### WHAT YOU HAVE TO DO
Repeat every record below exactly, but leave out any pictures.
GIVEN INFORMATION section start
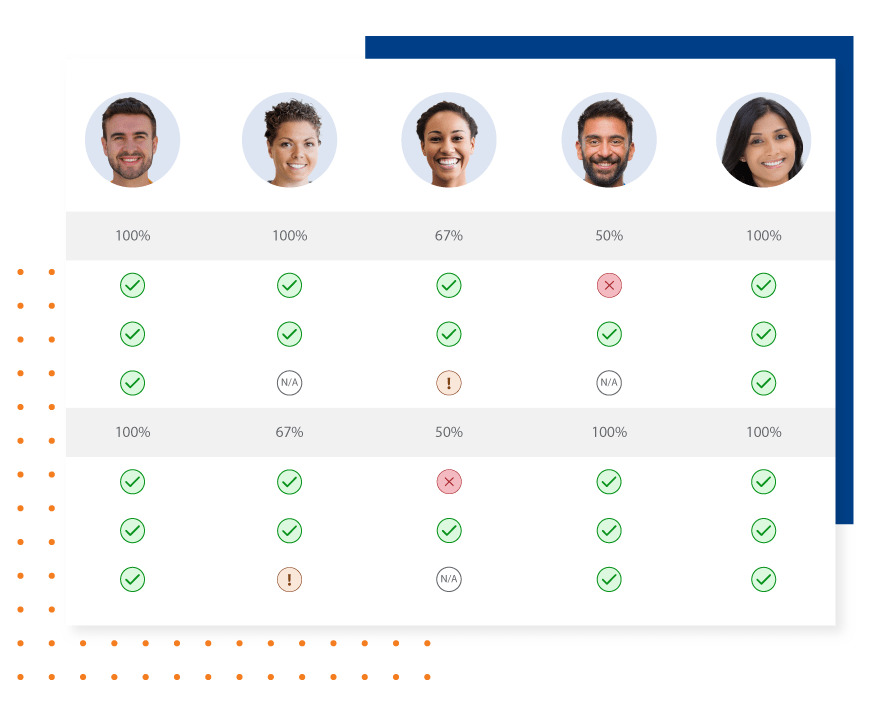 Kahuna_Skills_Management_Team_Matrix_Dots2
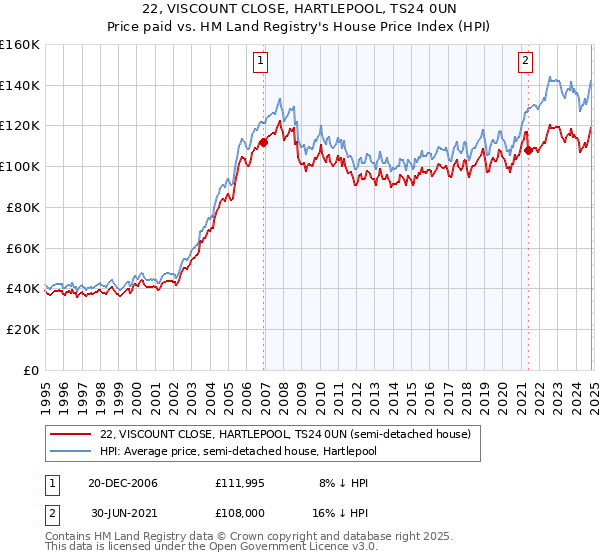 22, VISCOUNT CLOSE, HARTLEPOOL, TS24 0UN: Price paid vs HM Land Registry's House Price Index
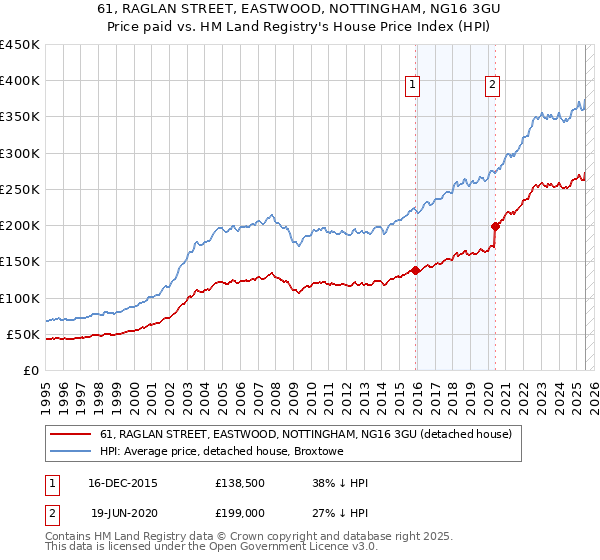 61, RAGLAN STREET, EASTWOOD, NOTTINGHAM, NG16 3GU: Price paid vs HM Land Registry's House Price Index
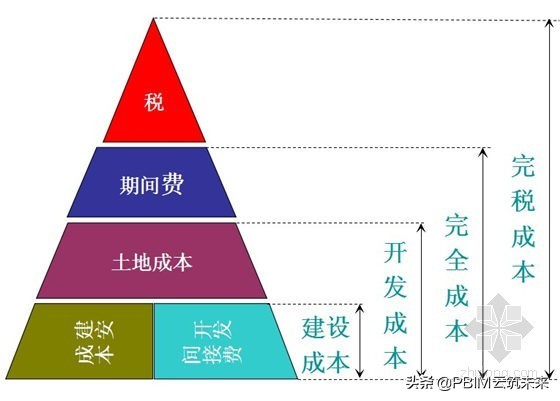 如何编制项目材料计划,如何编制项目预算
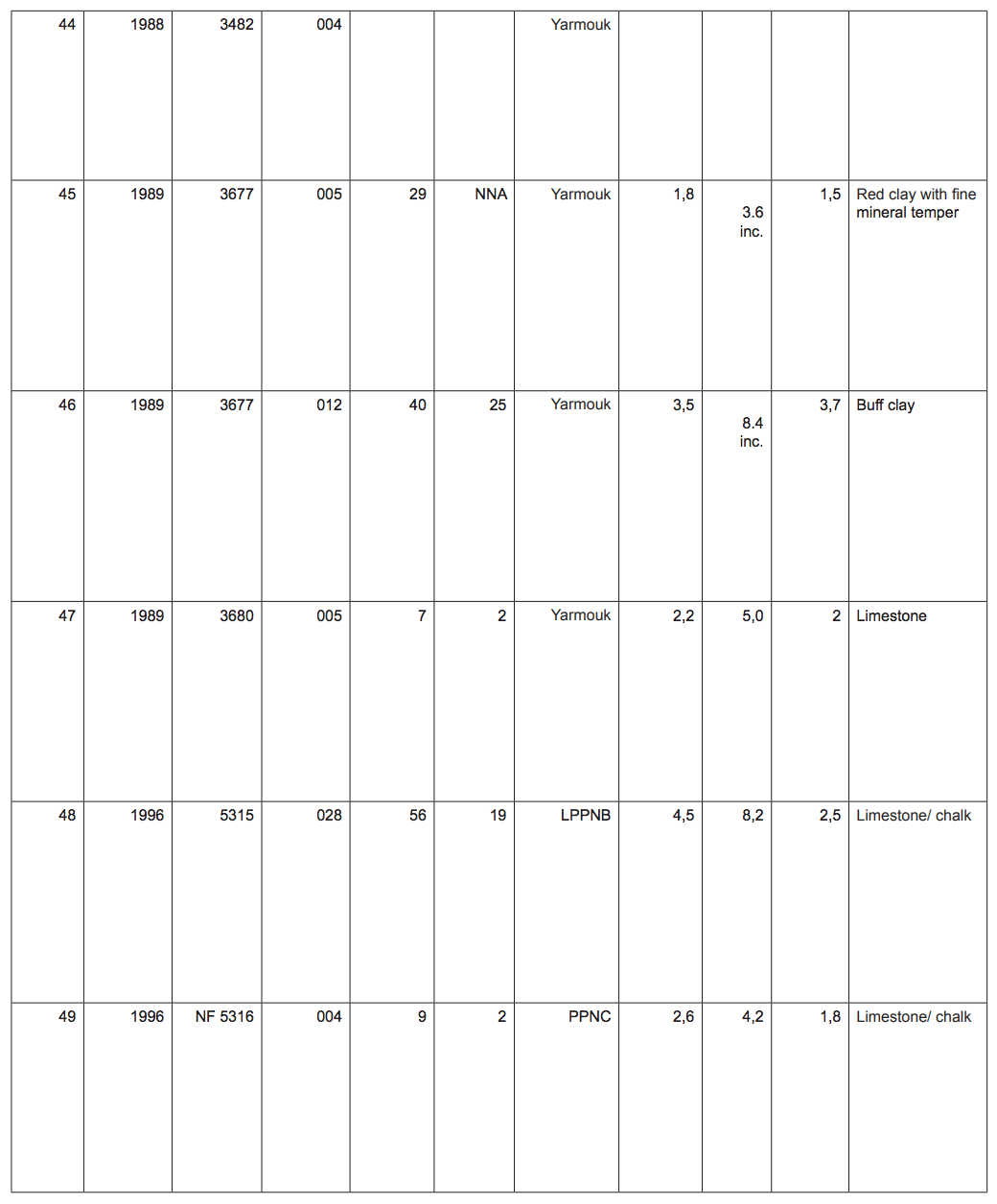 Table of catalogue for number 44-49 with, year, square, Locus, Bag, MC#, Period, Width, Height, Thickness, and Material.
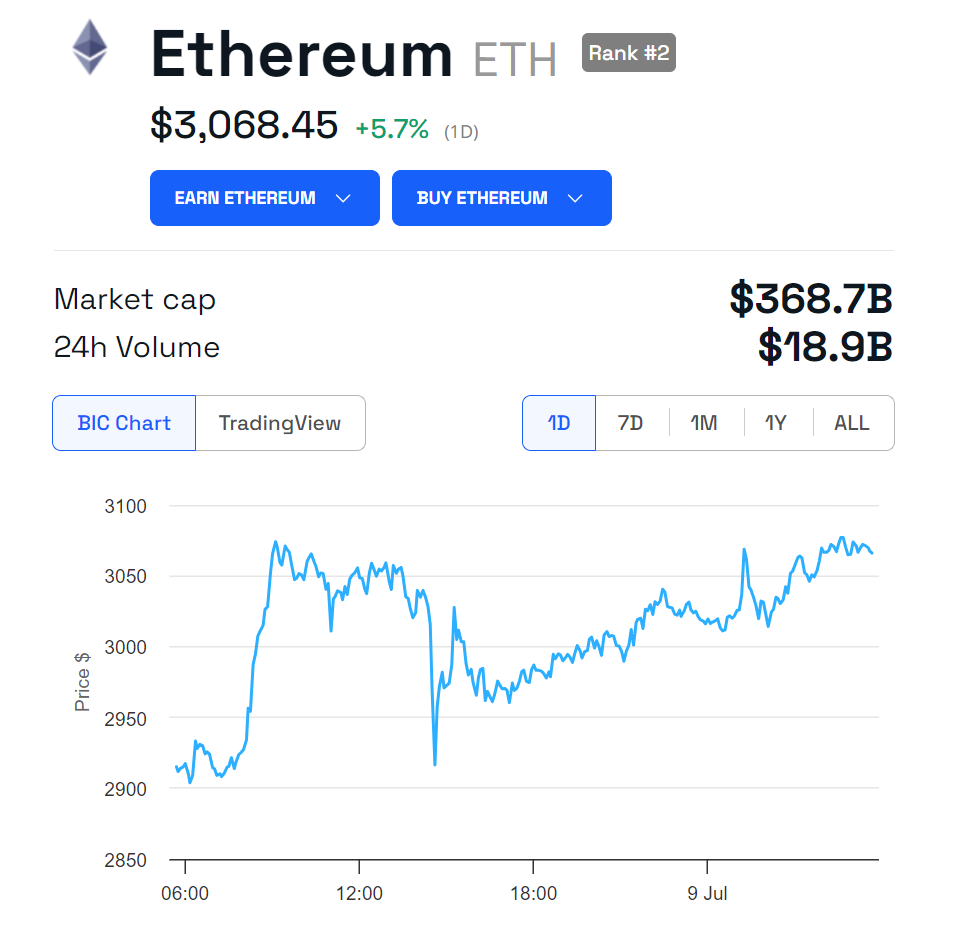Hiệu suất giá ETH.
GIVEN INFORMATION section end
### SOLUTION
 Kahuna_Skills_Management_Team_Matrix_Dots2
 22, VISCOUNT CLOSE, HARTLEPOOL, TS24 0UN: Price paid vs HM Land Registry's House Price Index
 61, RAGLAN STREET, EASTWOOD, NOTTINGHAM, NG16 3GU: Price paid vs HM Land Registry's House Price Index
 如何编制项目材料计划,如何编制项目预算
 Table of catalogue for number 44-49 with, year, square, Locus, Bag, MC#, Period, Width, Height, Thickness, and Material.
Hiệu suất giá ETH.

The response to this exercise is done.